GlossyGS: Inverse Rendering of Glossy Objects with 3D Gaussian Splatting

TVCG 2025
(IEEE Transactions on Visualization and Computer Graphics)

Shuichang Lai * 1       Letian Huang * 2       Jie Guo ✝ 2       Kai Cheng 3       Bowen Pan 1       Xiaoxiao Long 4       Jiangjing Lyu 1       Chengfei Lv 1       Yanwen Guo 2      
* Denotes equal contribution       Corresponding author
1Tao Technology Department, Alibaba Group       2State Key Lab for Novel Software Technology, Nanjing University       3School of artificial intelligence and data science, University of Science and Technology of China       4Department of Computer Science, The University of Hong Kong
1 2
3 4

Abstract

Reconstructing objects from posed images is a crucial and complex task in computer graphics and computer vision. While NeRF-based neural reconstruction methods have exhibited impressive reconstruction ability, they tend to be time-comsuming. Recent strategies have adopted 3D Gaussian Splatting (3D-GS) for inverse rendering, which have led to quick and effective outcomes. However, these techniques generally have difficulty in producing believable geometries and materials for glossy objects, a challenge that stems from the inherent ambiguities of inverse rendering. To address this, we introduce GlossyGS, an innovative 3D-GS-based inverse rendering framework that aims to precisely reconstruct the geometry and materials of glossy objects by integrating material priors. The key idea is the use of micro-facet geometry segmentation prior, which helps to reduce the intrinsic ambiguities and improve the decomposition of geometries and materials. Additionally, we introduce a normal map prefiltering strategy to more accurately simulate the normal distribution of reflective surfaces. These strategies are integrated into a hybrid geometry and material representation that employs both explicit and implicit methods to depict glossy objects. We demonstrate through quantitative analysis and qualitative visualization that the proposed method is effective to reconstruct high-fidelity geometries and materials of glossy objects, and performs favorably against state-of-the-arts.

Video

Pipeline

Illustration of the inverse rendering pipeline for our GlossyGS. The initial points are used to generate anchors, which carry the macroscopic features. These features are fed to GS decoder and material encoder, generating neural 3D Gaussians and neural materials (BRDF). Normal map prefiltering is used as a prefilter for these neural Gaussians and materials to obtain the corresponding material maps. The final rendering is shading of these maps and differentiable environment lighting, supervised by ground-truth images and micro-facet geometry segmentation prior.

Architecture




Motivation

Normal Map Filtering

The diffuse color is linear in the normal. The alpha-blending in 3D-GS is a linear operation. For diffuse objects, the order of alpha-blending and shading has little effect on the final color. However, specular reflection does not satisfy this linear relationship. The two aforementioned orders differ when the shading function is nonlinear in the normal.

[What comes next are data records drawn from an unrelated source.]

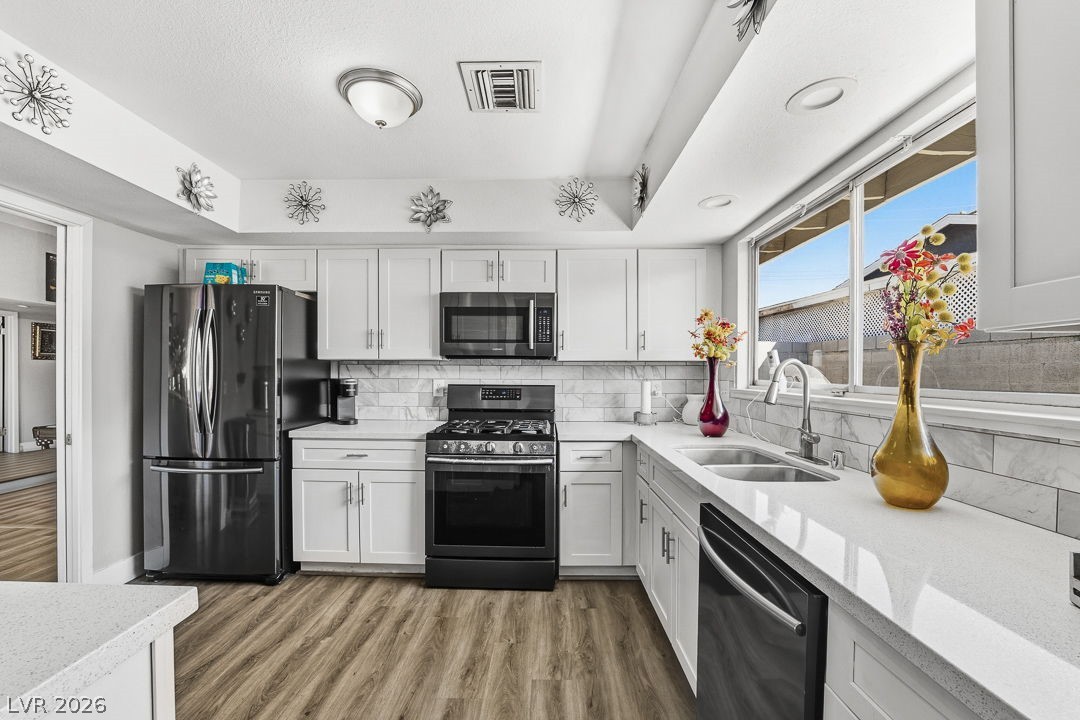 3964 Acapulco Avenue Las Vegas NV 89121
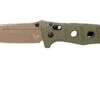 Benchmade 275FE-2 Sibert Adamas OD Green G10, Flat Earth Couteau De Poche, Shane Sibert Design 2 Benchmade 275FE-2 Sibert Adamas OD Green G10, Flat Earth Couteau De Poche, Shane Sibert Design -Couteaux Prestige Magasin BE275FE 2 01 benchmade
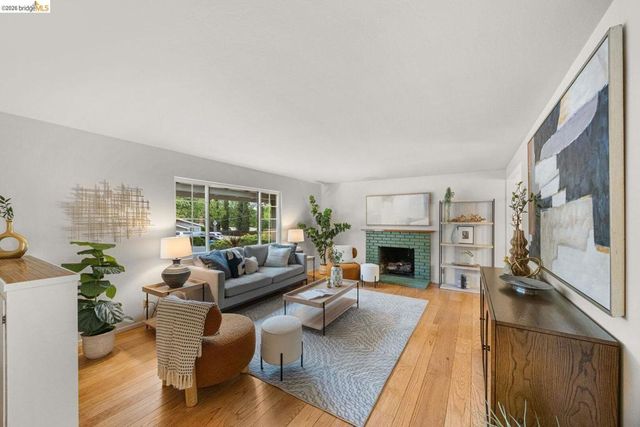 105 Linda LN, Pleasant Hill, CA 94523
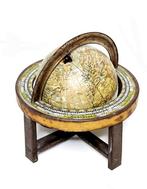 Globe - 1900-1910, 1910-1920 - J.B Wolters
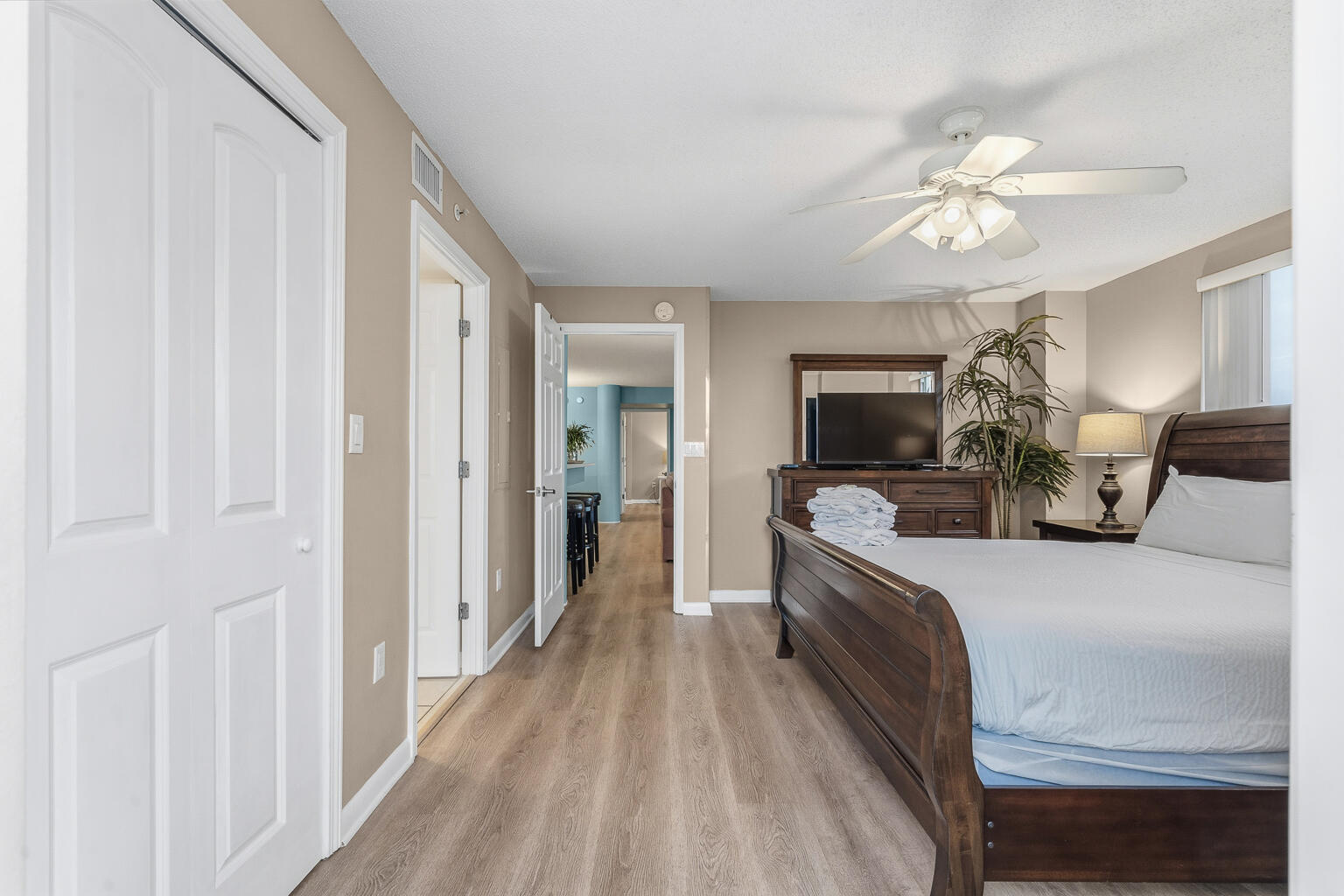 DUNE POINTE CONDO - Residential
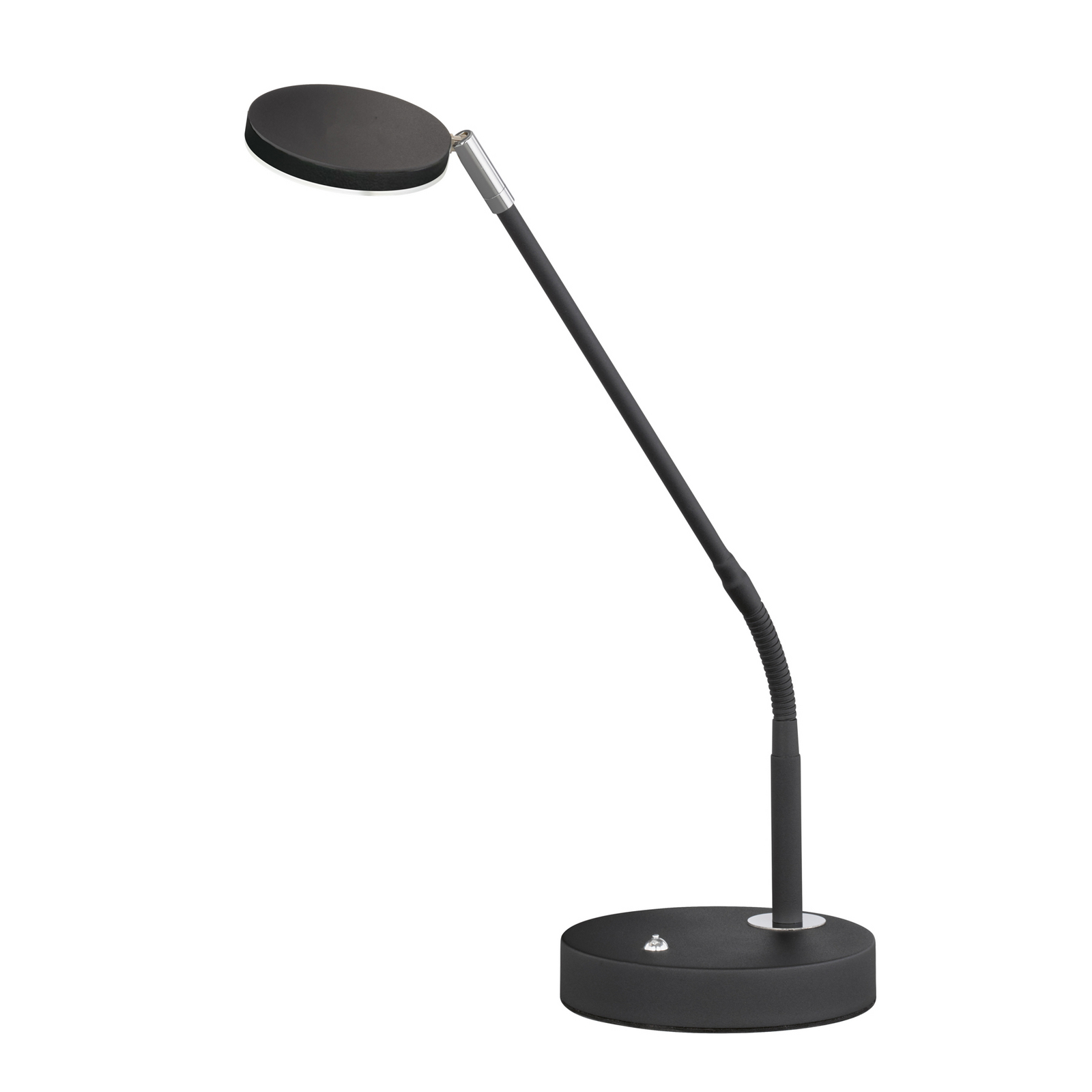 Lunia LED table lamp, CCT, dimmable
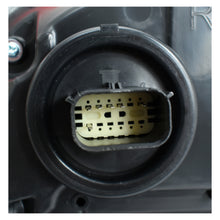 Load image into Gallery viewer, Calavera Ram 1500 19-24 LED filo rojo sin sensor derecha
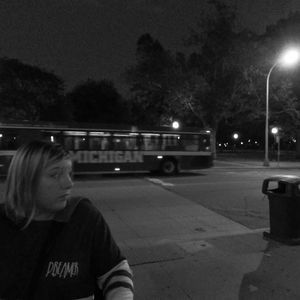 Meet your Posher, Becky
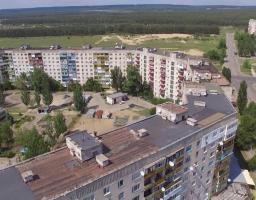 Триває будівництво насосної станції у Рубіжному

Micro-facet Geometry Segmentation Prior

The success of the micro-facet model relies on the ability of the microscopic normal distribution to produce visual effects similar to the macroscopic normal. However, achieving these similar visual effects presents challenges for inverse rendering tasks. A low-frequency macroscopic normal distribution with a large roughness (a) and a high-frequency macroscopic normal distribution with a small roughness (b) can model the same glossy appearance. This leads to different roughness-normal pairs for the individual object.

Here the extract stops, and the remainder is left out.